Patrick Downey, President and CEO stated, “We are extremely pleased to announce this attractive financing package following a competitive selection process. We believe the financing package announced today is a testament to the strong project fundamentals offered by Bomboré.
We are delighted to welcome Coris as the senior lender to the Project and proud to have them as a partner. They are one of the largest West African banks and first became a shareholder in 2018. They have financed mining projects within West Africa and are very conversant with the technical and political landscape in the region.
We have worked very closely with RCF throughout this process and thank them for their continued support. We are also very pleased to welcome the Beedie Group as a new lender to the Company.

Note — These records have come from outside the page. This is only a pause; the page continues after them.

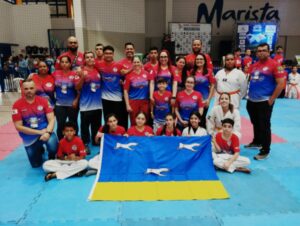A Equipe PW Taekwondo Team participou nos dois últimos finais de semana, do XXVII Brazil Open 2023, a maior competição da América Latina da modalidade!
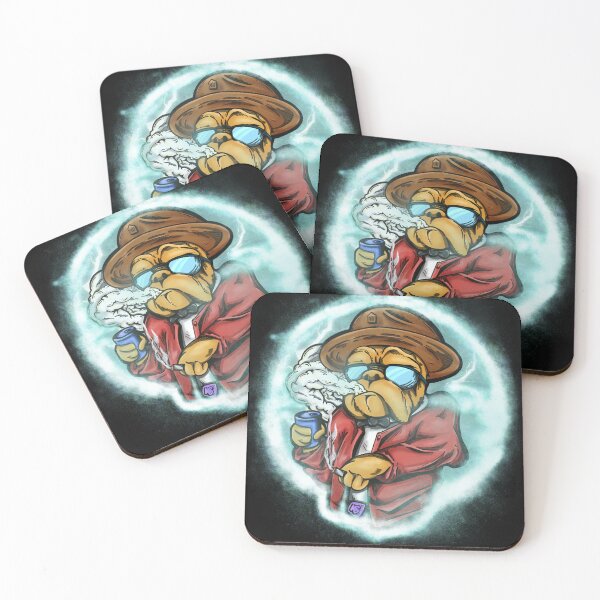 Item preview, The Bulldog is Bigboss designed and sold by Vintagez 98.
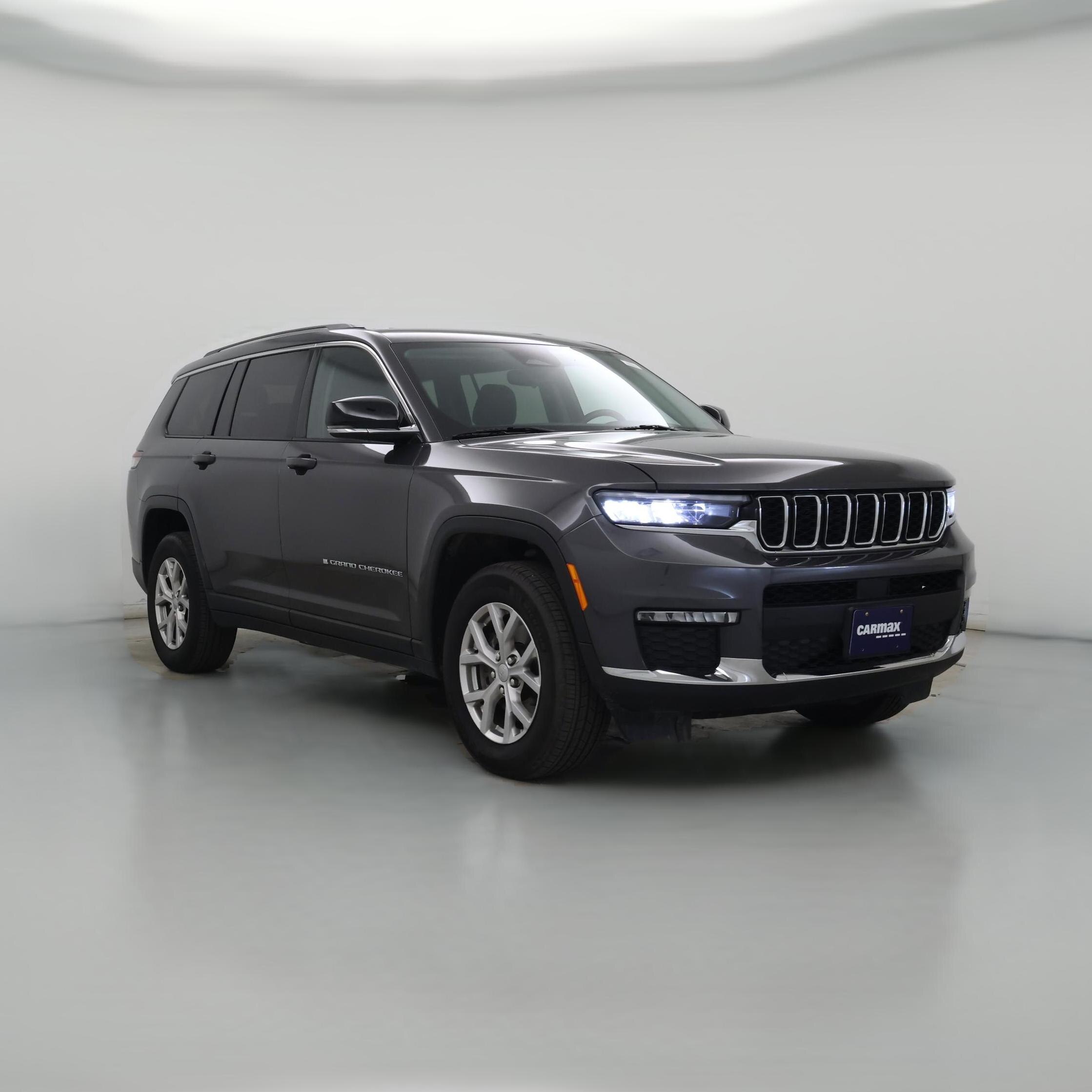 Thumbnail: 2022 Jeep Grand Cherokee L - 1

The debt package is structured to provide maximum flexibility for the Company to complete future expansions including the staged Phase II Sulphide Expansion. Bomboré hosts a very large M&I resource at shallow depths, has exciting exploration potential, and is open to further enhancement opportunities. We are now ready to ramp up construction activities at Bomboré with first gold pour scheduled for Q3-2022.”
The Project Financing Package was the result of a competitive process conducted with the Company’s financial advisor, Cutfield Freeman & Co Ltd. The Senior Debt Facility with Coris Bank together with the Convertible Note Facility with RCF and Beedie Capital were selected as they provided the best combination of operational flexibility and pricing for the Company.
SENIOR DEBT FACILITY
The Company has received a credit-approved binding term sheet from Coris Bank International for a senior secured project-level debt facility that is divided into a Medium-term Loan and a Short-term Loan. The Medium-term Loan will fund construction costs while the Short-term Loan will fund the remaining capital spend and initial working capital at a lower interest rate.
Both loans are denominated in West African Communauté Financière Africaine francs (“XOF”), the official currency of Burkina Faso. The US dollar equivalents are shown using an exchange rate of 545 XOF per USD. As a portion of the project capital will be spent in XOF, the Senior Debt Facility in XOF will provide a natural currency hedge during construction.
Medium-term Loan of ~US$64 million (XOF 35.0 billion)
Term of 5 years.
Interest rate of 9.0% per annum.
Availability period to June 30, 2022 with multiple drawdowns permitted and first drawdown by December 31, 2021.
Deferral of principal repayments for the first 24 months.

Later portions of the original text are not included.